### Assignment
Could the listing below be returned exactly, with its pictures left out?

### Records for this task
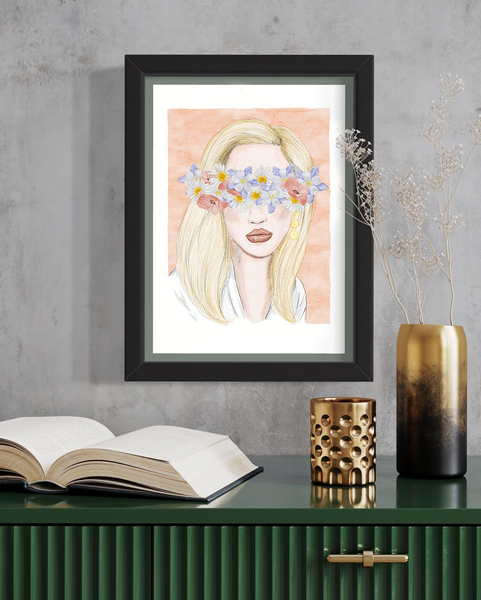 Flower art print for home decor by Nina Maric Illustrations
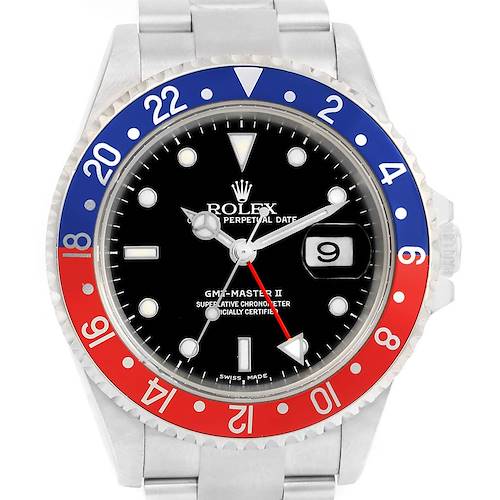 Photo of Rolex GMT Master II Blue Red Pepsi Bezel Steel Mens Watch 16710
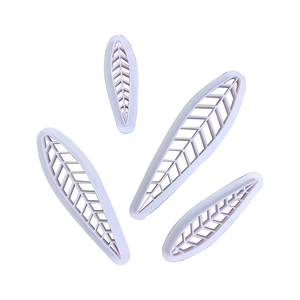 4pcs purple leaf shape cartoon bun molds set for creative home baking and cake decorating
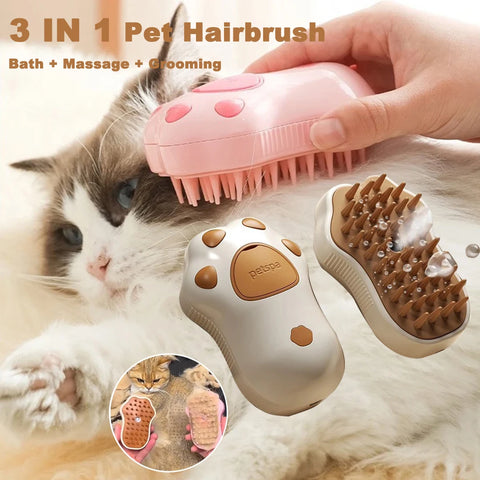 3-in-1 Pet Grooming Comb: Shed Hair Removal, Massage, Spray for Cats & Dogs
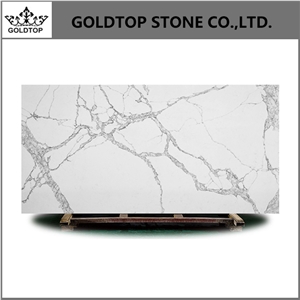 White Calacatta Fred Quartz Slab For Kitchen Counter Top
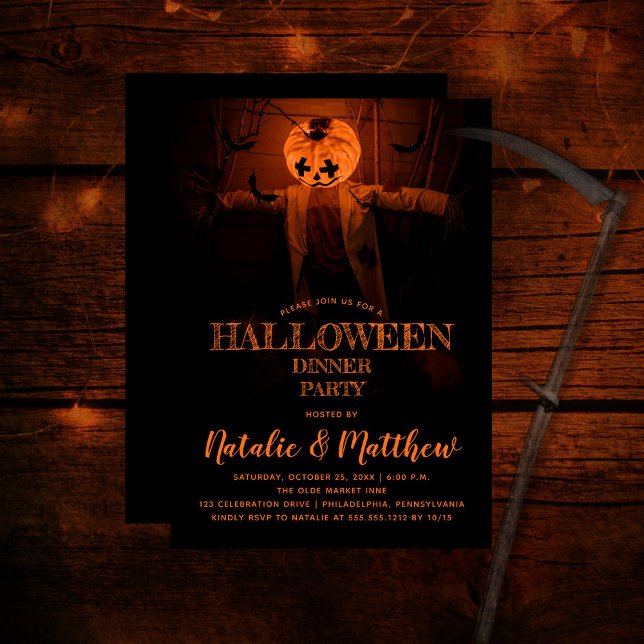 Scary Pumpkin Halloween Dinner Party Invitation (Creepy barn scene pumpkin scarecrow adult Halloween Dinner Party Invitation)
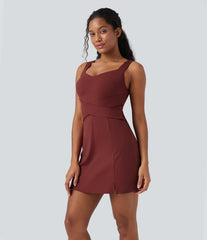 SoftlyZero™ Airy Tummy Control 2-Piece InstantCool Mini Workout Active Dress with Pocket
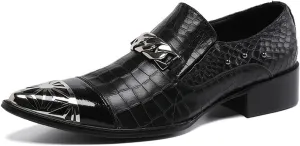 Men's Leather Shoes, Simple Stone Pattern Men's Dress Shoes, Wedding Party Banquet Nightclub Stage Host Barber Uniform Office Work Shoes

### Your response
 Flower art print for home decor by Nina Maric Illustrations
 Photo of Rolex GMT Master II Blue Red Pepsi Bezel Steel Mens Watch 16710
 4pcs purple leaf shape cartoon bun molds set for creative home baking and cake decorating
 3-in-1 Pet Grooming Comb: Shed Hair Removal, Massage, Spray for Cats & Dogs
 White Calacatta Fred Quartz Slab For Kitchen Counter Top
 Scary Pumpkin Halloween Dinner Party Invitation (Creepy barn scene pumpkin scarecrow adult Halloween Dinner Party Invitation)
 SoftlyZero™ Airy Tummy Control 2-Piece InstantCool Mini Workout Active Dress with Pocket
 Men's Leather Shoes, Simple Stone Pattern Men's Dress Shoes, Wedding Party Banquet Nightclub Stage Host Barber Uniform Office Work Shoes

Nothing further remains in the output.